Depuis que le gouvernement a ordonné le confinement obligatoire afin de prévenir la propagation de la pandémie de COVID-19, nous avons vu à plusieurs occasions des hommes armés [2] se tenir devant diverses maisons tard le soir. Ils ont menacé de tuer [3] une de nos dirigeantes et sa famille, et ont même mis le feu à nos maisons [4].

Le gouvernement n’a rien fait, ou si peu, pour nous protéger contre ces menaces. Nous avons porté plainte, mais les autorités n’ont pas agi. Nous n’avons jamais reçu de protection digne de ce nom pour nos dirigeant·e·s indigènes ou pour notre communauté.

Et comme si cela ne suffisait pas, notre communauté ne bénéficie pas non plus de la moindre protection contre la pandémie.

Nous avons une couverture de santé, mais les autorités n’ont même pas formé de groupe de travail pour nous aider sur le plan médical. Il y a des femmes enceintes ici, ainsi que cinq femmes âgées atteintes de diabète et de nombreux enfants qui ont été malades, notamment de la grippe. Nous avons un guérisseur traditionnel parmi nous, mais si quelqu’un tombe gravement malade, il faut attendre entre six et huit heures que les transports arrivent et emmènent la personne souffrante au centre de santé le plus proche. Nous ne sommes pas prêts pour ce qui pourrait se passer.

« Nous voulons un futur où nos filles et nos fils pourront vivre ici en paix »

Nous n’avons pas non plus reçu le soutien que le gouvernement nous a promis lorsqu’il a ordonné le confinement obligatoire en mars. Les autorités locales de Puerto Gaitán nous ont accordé très peu d’aide, mais nous n’avons rien reçu de la part des autorités départementales ou nationales.

L’artisanat est un des moyens de protection à notre disposition, parce qu’il s’agit d’une manière de préserver notre histoire, notre savoir et notre culture. Les femmes qui font de l’artisanat à Aseinpome fabriquent des boucles d’oreille, des porte-monnaie et des sacs, sauvegardant ainsi notre culture par le biais de nos traditions et subvenant à nos besoins de base sur le territoire. C’est une forme d’art qui est transmise de génération en génération. Ma mère me l’a apprise et je vais l’enseigner à ma fille. Mais nous ne pouvons pas quitter notre communauté pour l’instant, pas même pour vendre les objets artisanaux que nous fabriquons.
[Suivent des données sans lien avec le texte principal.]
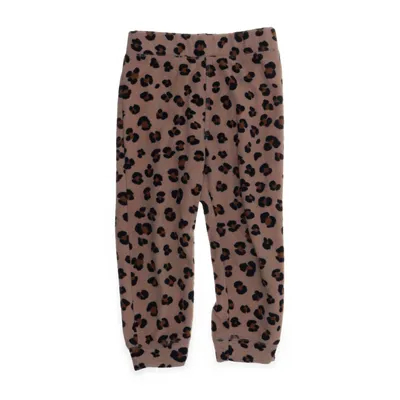 Byxor (Beige, Flerfärgad) från H&M Polyester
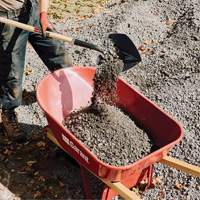 Wheelbarrow, 6 cu. ft. Nuna Depot Inc.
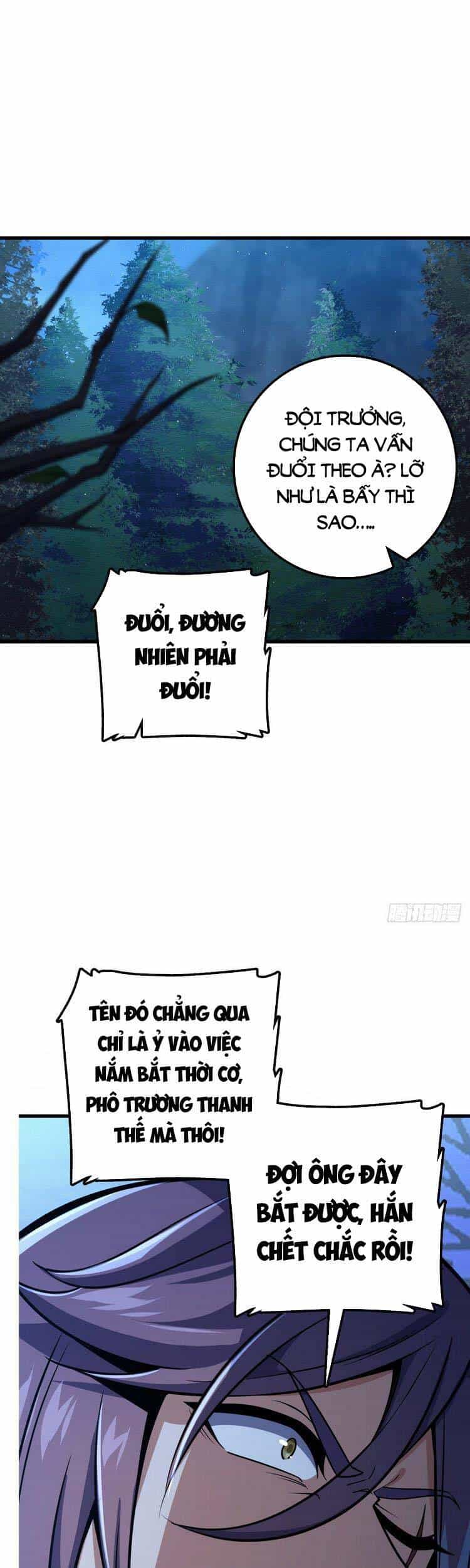 Đại Vương Tha Mạng - Chương 453 - ảnh 9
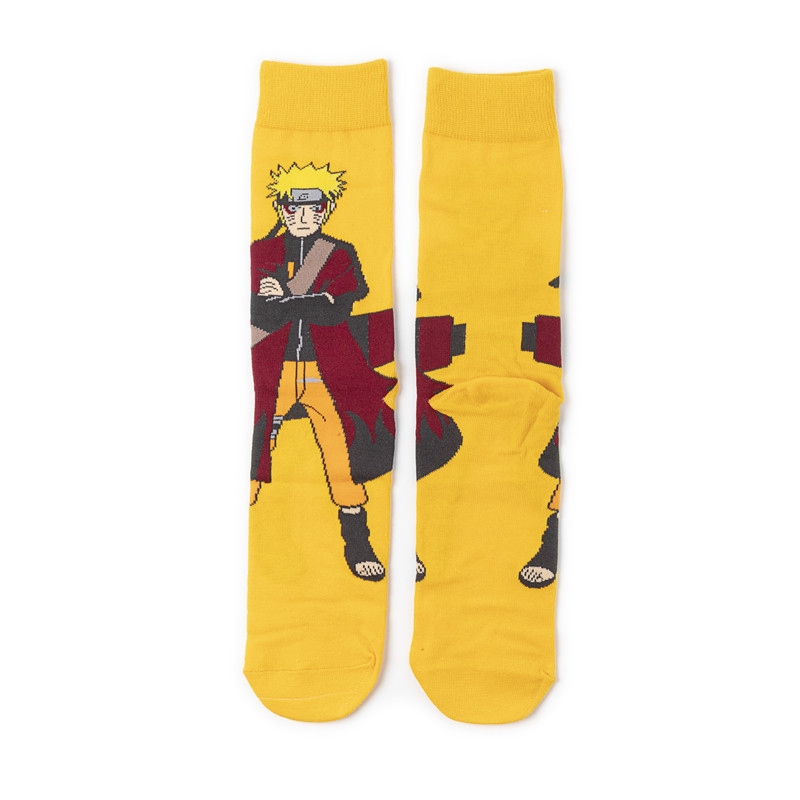6Pairs for Naruto Mid length s - Men'S Fashion Accessories 评论和价格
Nous avons besoin du soutien de l’État pour survivre au confinement.

Nous avons essayé de vivre grâce à ce que nous plantons dans le conuco, l’espace collectif où nous cultivons des produits traditionnels comme des bananes plantains, du manioc, du maïs, de l’ananas, des patates douces, du péjibaye, des pastèques, des mangues et des goyaves, mais les semences sont trop chères pour nous. Nous chassons aussi le gibier de façon durable, mais nous souhaiterions par-dessus tout que le gouvernement colombien soutienne nos projets, de sorte que nous ayons de nombreux animaux, comme du bétail ou des chèvres, et puissions en tirer des revenus réguliers.

Nous voulons un futur où nos filles et nos fils pourront vivre ici en paix. C’est pourquoi je demande aux autorités, au niveau national, départemental et local de garantir les droits de notre communauté et de répondre à nos besoins de base. Malgré les difficultés auxquelles nous sommes confrontés, nous continuons à nous battre pour faire reconnaître notre gouvernance, obtenir le titre de propriété relatif à notre territoire, et demander l’adoption d’une politique publique de protection des dirigeant·e·s communautaires et des défenseur·e·s des droits humains.